Your most challenging holiday?
A charity dog-sled trip in Arctic Norway. It felt very, very elemental and also romantic, in a perverse way. With the dogs howling, it was like a mad point-to-point, but conducted over the most beautiful, pure white snow. Our reward was seeing this twisting green streak lighting up the sky: the Northern Lights. Truly astonishing.
Do you travel light?
Not as light as I would like. I take quite a smart, sporty-looking zip-up holdall called a High Sierra, which has wheels and a pull-along handle. It is practical and boring, but you can cram a lot in.
What do you always carry in your handbag?
I used to pride myself on having no handbag at all. I used pockets. Now, on an urban trip, I might take a practical bag I can strap over my shoulder for taking along a book, in case I fancy reading.
Do you listen to music when you travel?
I carry music in my head, so I don't need more. It drives me nuts that, in hotels or on boats, people seem to think you need music 24 hours a day.
Your favourite place for a weekend break?
Last year I went with a friend to Antwerp and loved it. I like the personality of the Belgians. They're deeply eccentric, which is something that comes across in their design – terrific.
Hotels you've particularly loved?
The Wild Mahseer Lodge in Assam: lovely little colonial bungalows, which are incredibly comfortable, and where the people are thoughtful and lovely. I love the Kandalama in Sri Lanka, an eco hotel designed by the brilliant architect Geoffrey Bawa, surrounded by greenery and monkeys.
Remi, a Venetian restaurant in New York. One night I went in and said, "I don't want much, but I want something delicious", and they gave me soft polenta with an egg and white truffle. Heaven.
New York, because it is so vibrant. People have experiences there; it opens itself out to you. Bilbao is like that, too. I went for the Guggenheim and loved the energy of the building, the way the place is integrated into the town, the culture, the cuisines. It was such a full experience. I hate Vienna: all those little green coats and twitchy curtains.
The grandest hotels you've stayed in?
I did the Aman thing when I went to Indonesia, which was delightful and very suited to the place: very serene. And I love the Hotel Gritti Palace in Venice, which has huge balconies and beautiful gilted rooms in which to waft.
Luxuries you look forward to abroad?
Caviar, though I don't eat it much now because I don't know enough about where it comes from. Truffles, white or black. Beautiful linens and gorgeous stationery. Moleskine notebooks, to take notes that make the trip come whooshing back. And staying at the St Regis in New York: while it seems madness to have a 24-hour butler, it is amazing. I love its King Cole bar, too.
Favourite places in the UK?
The Peat Inn, in Fife, which is small, close to lovely beaches and has very good food.
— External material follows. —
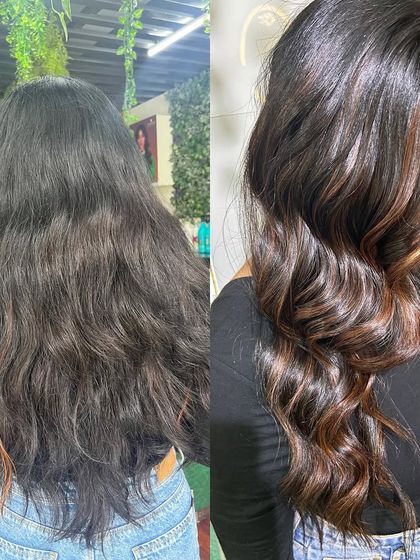 A caramel pop color transformation that adds warm, delicious tones to the hair. This before-and-after shows how we can add richness and dimension to dull hair.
I didn't drink whisky before, but they converted me; I took one sip and ended up ordering six bottles. There's also a pub called the Queens Arms at Corton Denham in Somerset, where they sell their own pies, some very sexy olives and good wines. They welcome people with dogs and muddy boots, which I love.
The most remote place you've been?
Napo Wildlife Eco Centre in Ecuador. Rooms are little cottages run by the community – all solar-powered – and you get there by dugout canoe.
Best safari destination?
Londolozi in South Africa. It's glamorous, and you see what they say you'll see. One evening, we saw leopards mating from about 15ft away, and my camera made a noise that made one of them look right at me. Another time, an elephant came right up by our jeep, with red eyes and flapping ears. I kept looking at my guide and he would say, "She's OK, relax." He was right; she was putting on a show.
Your roughest trip?
I went to Greece years ago and lived in a cave for a few days. It was fun, but I wouldn't do it again.
Travelling moments you won't forget?
Getting close enough to elephants to look into their eyes. To look right into the eye of any animal is extraordinary – elephant, tortoise, sea lion, whatever.
Your favourite shop?
John Derian, in New York, because it's so eclectic, weird and wonderful, and sells funny old things like découpage plates. In a world where things are so generic, finding odd treasures is thrilling.
Favourite airline and tour operator?
BA Business Class is very comfortable, and they don't overmanage you. Of the operators, I like Sanctuary Retreats
Elizabeth Arden's Eight Hour Cream. On a plane, you can just whack it on and, at the end of your trip, your skin will still feel human.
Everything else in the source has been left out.